EXERCISE DESCRIPTION: Word for word, restate the lines of the listing below from the line with "Tinnitus sjukdom koncept — Stock vektor" through the line with "Detection of Recombinant", and do not include the pictures.
BEGIN AVAILABLE RECORDS
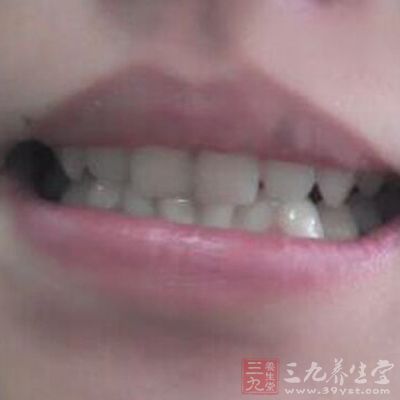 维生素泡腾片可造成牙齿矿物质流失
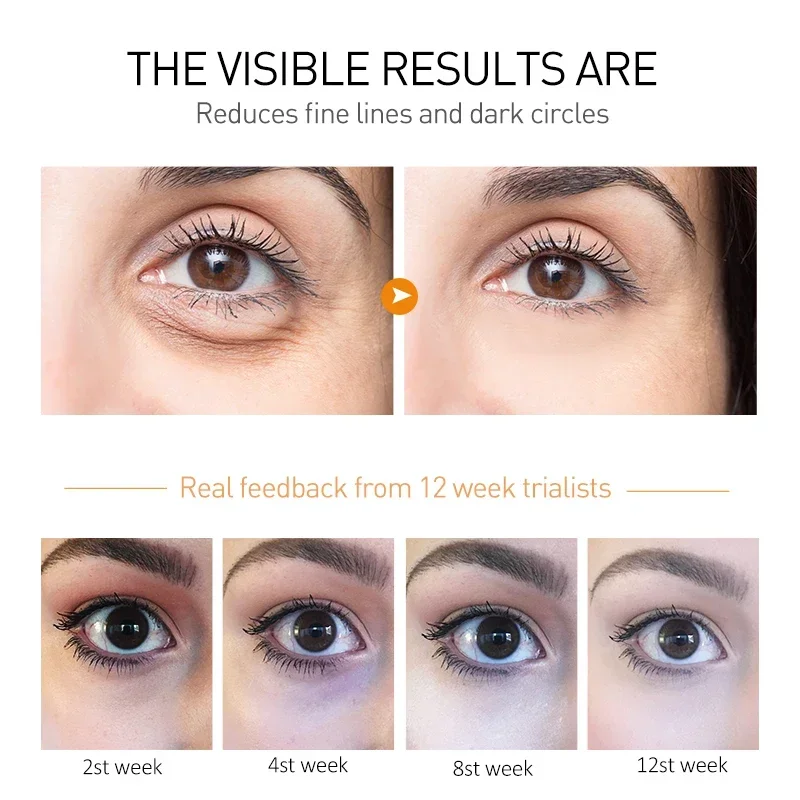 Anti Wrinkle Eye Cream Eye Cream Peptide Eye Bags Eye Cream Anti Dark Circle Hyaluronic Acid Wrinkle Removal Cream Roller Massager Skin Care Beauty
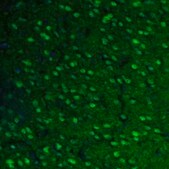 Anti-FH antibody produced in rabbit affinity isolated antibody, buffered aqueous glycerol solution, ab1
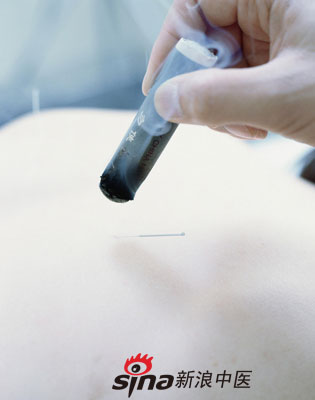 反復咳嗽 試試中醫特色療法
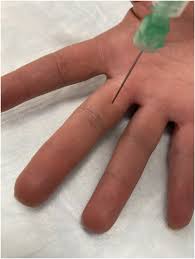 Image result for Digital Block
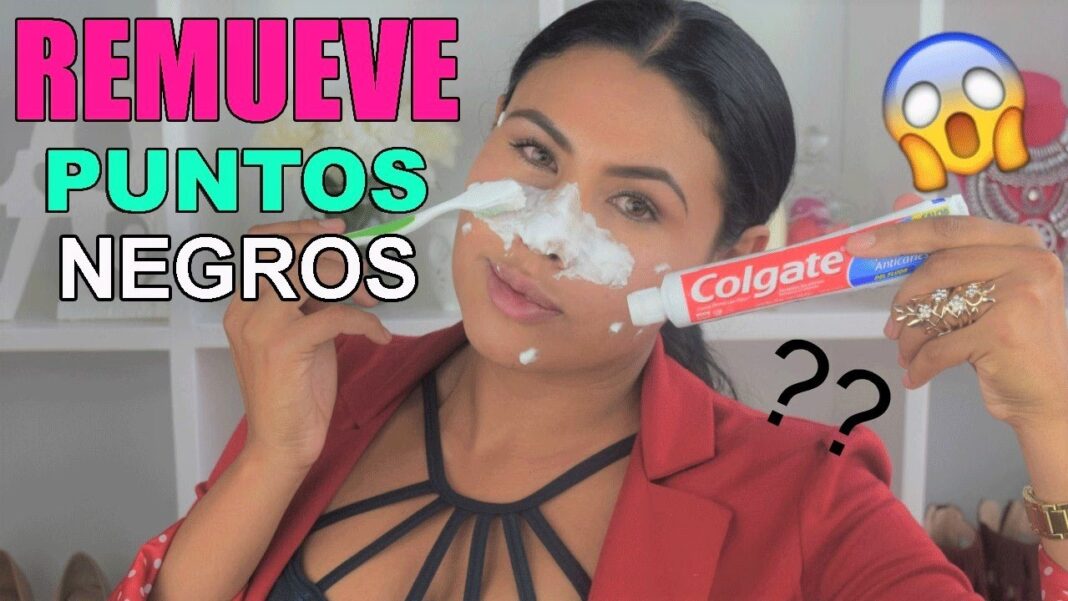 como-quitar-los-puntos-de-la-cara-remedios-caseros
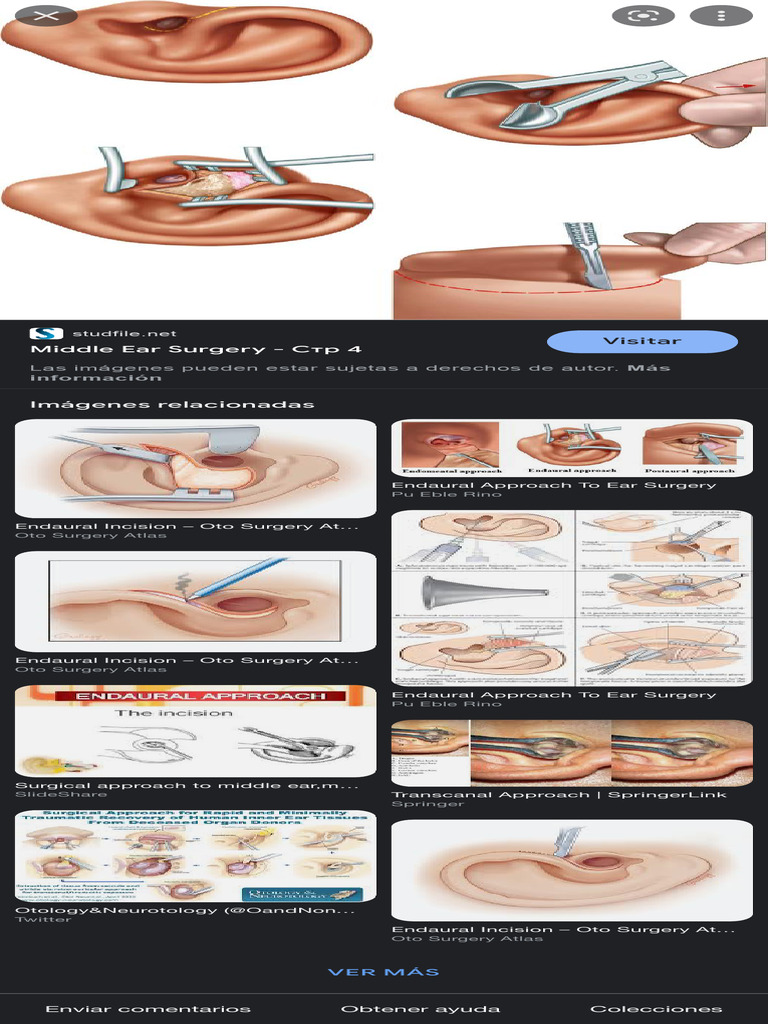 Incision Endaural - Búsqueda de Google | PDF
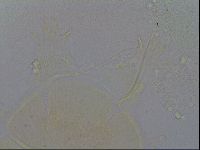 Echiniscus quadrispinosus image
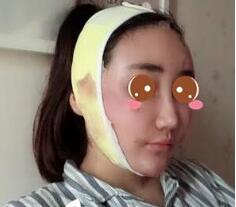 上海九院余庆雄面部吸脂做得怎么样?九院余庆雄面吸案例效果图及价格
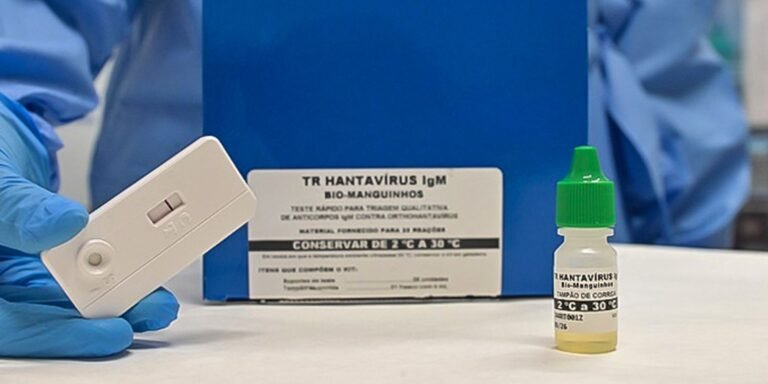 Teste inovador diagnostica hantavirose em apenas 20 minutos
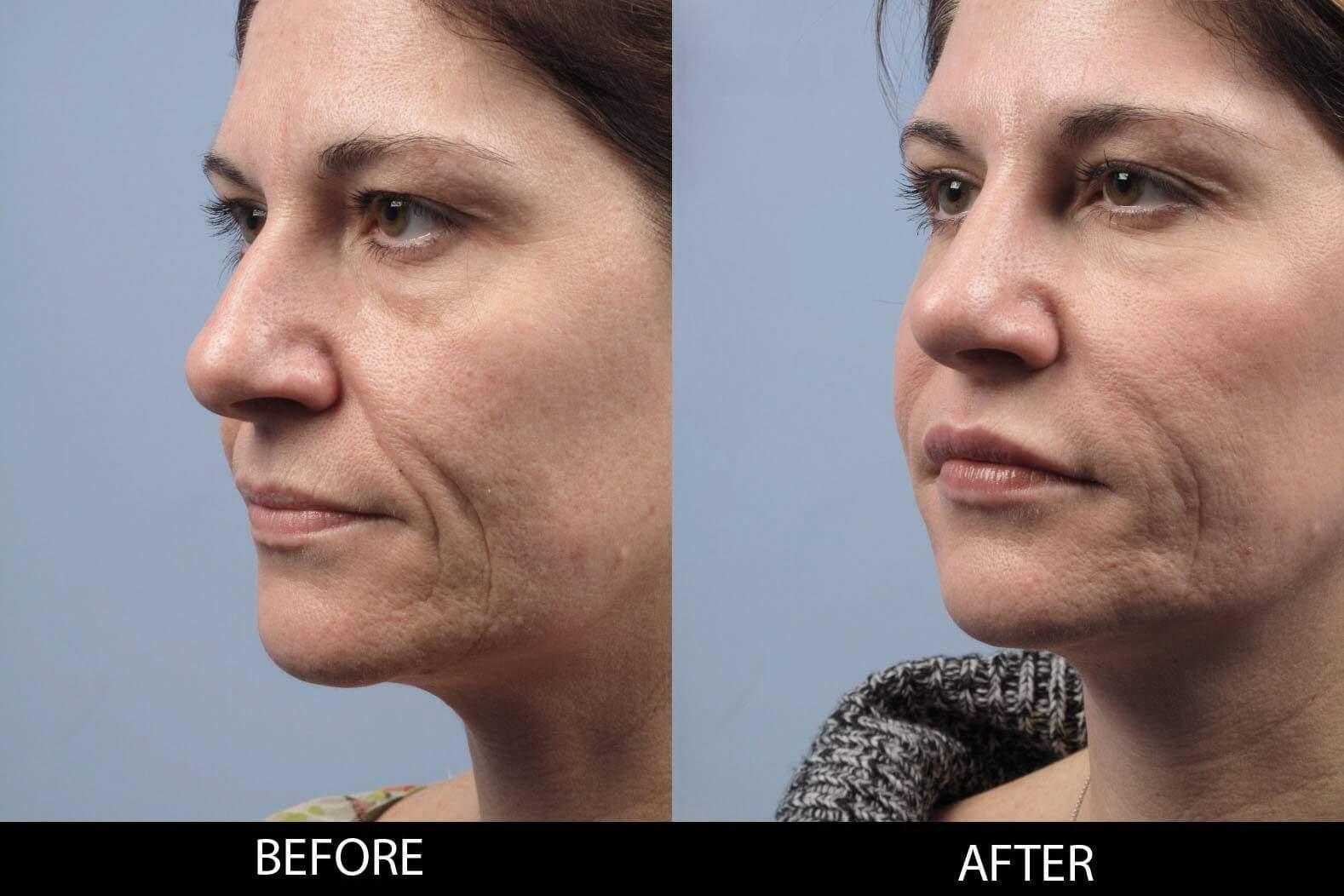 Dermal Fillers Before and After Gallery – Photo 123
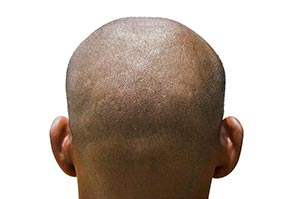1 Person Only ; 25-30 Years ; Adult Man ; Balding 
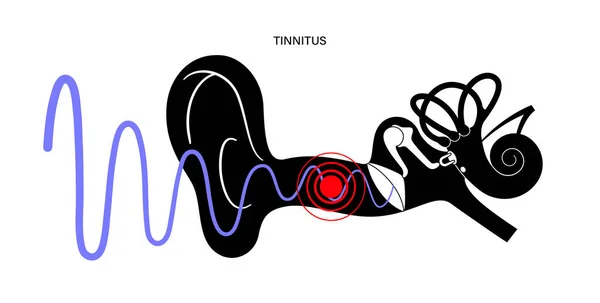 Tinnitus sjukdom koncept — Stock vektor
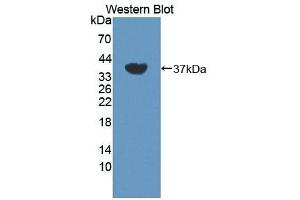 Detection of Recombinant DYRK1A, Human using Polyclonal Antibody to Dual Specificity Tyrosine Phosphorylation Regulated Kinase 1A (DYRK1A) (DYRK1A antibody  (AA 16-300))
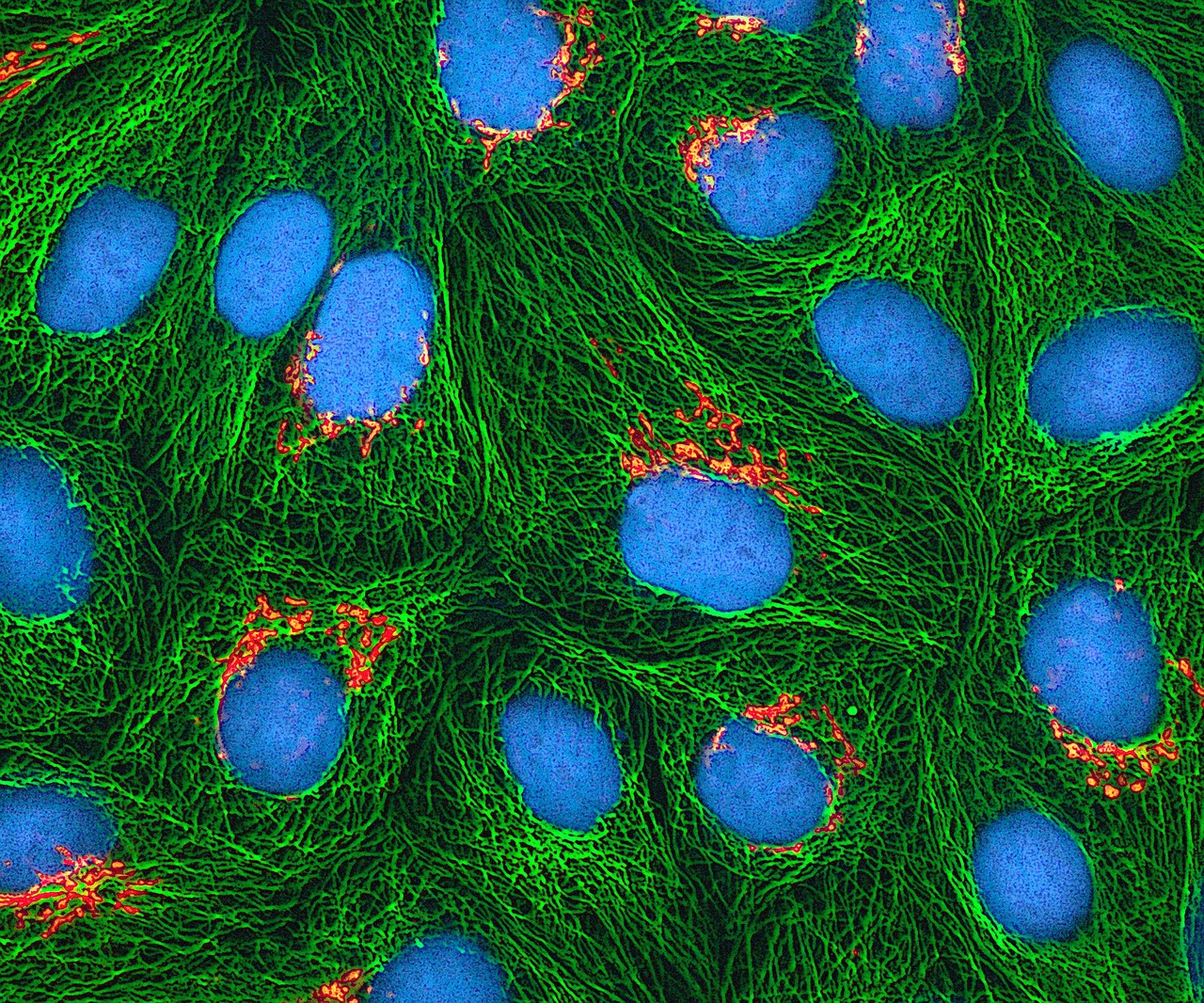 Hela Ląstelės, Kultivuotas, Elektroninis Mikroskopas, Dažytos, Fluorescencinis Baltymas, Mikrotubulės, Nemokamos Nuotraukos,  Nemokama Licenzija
END AVAILABLE RECORDS
PROBLEM SOLUTION:
 Tinnitus sjukdom koncept — Stock vektor
 Detection of Recombinant DYRK1A, Human using Polyclonal Antibody to Dual Specificity Tyrosine Phosphorylation Regulated Kinase 1A (DYRK1A) (DYRK1A antibody  (AA 16-300))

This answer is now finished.